Cómo adaptar la receta sin báscula
Si estás en una casa rural, un camping o una habitación de hotel sin báscula:
- Dosis: una cucharada rasa con el medidor naranja incluido equivale a unos 11-12g. Usa una cucharada y media para 15g
- Agua: llena el cilindro hasta la marca "2" del AeroPress — son aproximadamente 200ml
- Temperatura: hierve el agua en el hervidor y espera 2-3 minutos antes de verter
El resultado no será idéntico al de una receta pesada al gramo, pero será consistentemente bueno. La AeroPress tolera estas variaciones mejor que cualquier otro método.
Qué hacer si algo no funciona
El café sabe amargo
La extracción fue larga o la temperatura demasiado alta. Presiona más rápido la próxima vez o espera más antes de verter (deja que el agua baje de 85°C).
El café sabe ácido o aguado
La extracción fue corta o la temperatura demasiado baja. Muele más fino, aumenta el tiempo de reposo a 1:30 antes de presionar, o usa agua más caliente.
El émbolo baja solo o hay fugas
El molido está demasiado grueso. Afínalo un escalón.
El émbolo ofrece demasiada resistencia
El molido está demasiado fino o has puesto demasiado café. Ajusta el molido hacia más grueso.
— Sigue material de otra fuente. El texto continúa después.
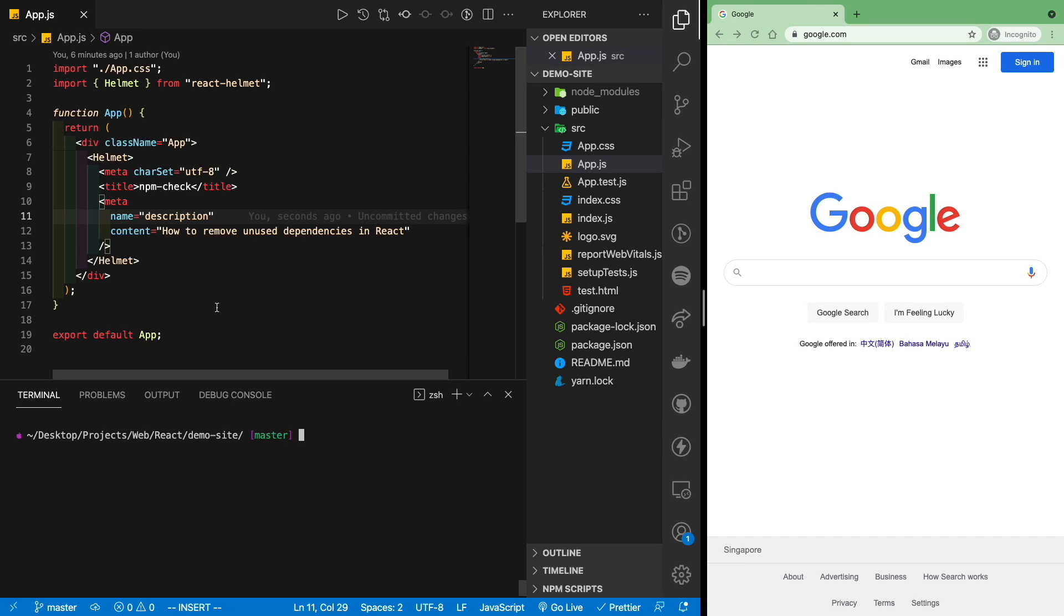Alright, in this video we'll take a look at a really simple way to manage unused dependencies or packages in React. If you find this video useful, do like, share, and consider subscribing for more such videos. Now let's get started.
El café que funciona mejor en AeroPress
La AeroPress produce un café con más cuerpo y menos acidez que el filtro clásico. Eso la hace especialmente compatible con cafés de tueste medio o con procesos naturales o honey, donde las notas de fruta y chocolate se expresan con claridad.
Para viaje, lo más práctico es llevarse un café de especialidad ya elegido: un Etiopía natural, un Brasil o un Colombia de tueste medio son opciones que funcionan bien con esta receta y que además aguantan unos días molidos en una bolsa hermética si no viajas con molinillo.
La variante invertida (para cuando ya dominas la básica)
Existe una variación popular llamada método invertido: se pone la AeroPress del revés durante el reposo para tener más control sobre la extracción. Produce resultados algo más intensos y permite tiempos de reposo más largos.
No es necesaria para empezar. Con la receta clásica descrita aquí ya tienes un café que difícilmente vas a encontrar igual en ningún bar de carretera. Cuando la básica te sepa corta, entonces vale la pena explorar la invertida.